Task description
Every line from the line containing "Branco Usado 2021" through the end of the data is to be reproduced exactly, excluding pictures.

*** Opening Data provided ***

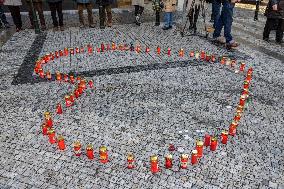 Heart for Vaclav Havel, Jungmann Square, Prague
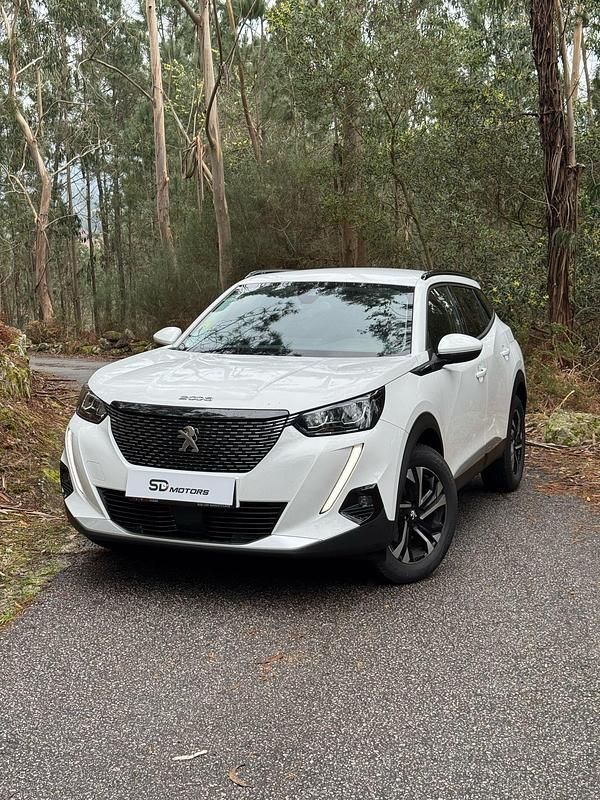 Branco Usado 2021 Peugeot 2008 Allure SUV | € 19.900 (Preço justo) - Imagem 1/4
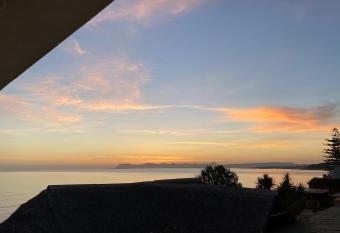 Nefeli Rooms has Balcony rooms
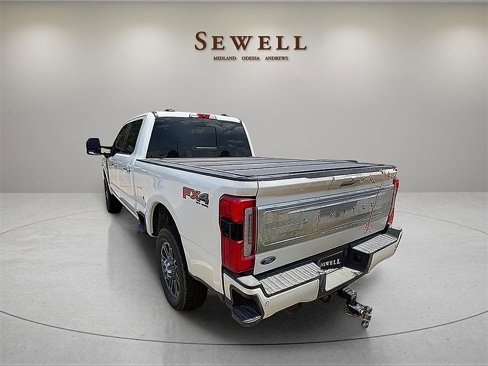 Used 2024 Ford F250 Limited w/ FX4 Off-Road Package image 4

*** Closing Data provided ***

Output
 Branco Usado 2021 Peugeot 2008 Allure SUV | € 19.900 (Preço justo) - Imagem 1/4
 Nefeli Rooms has Balcony rooms
 Used 2024 Ford F250 Limited w/ FX4 Off-Road Package image 4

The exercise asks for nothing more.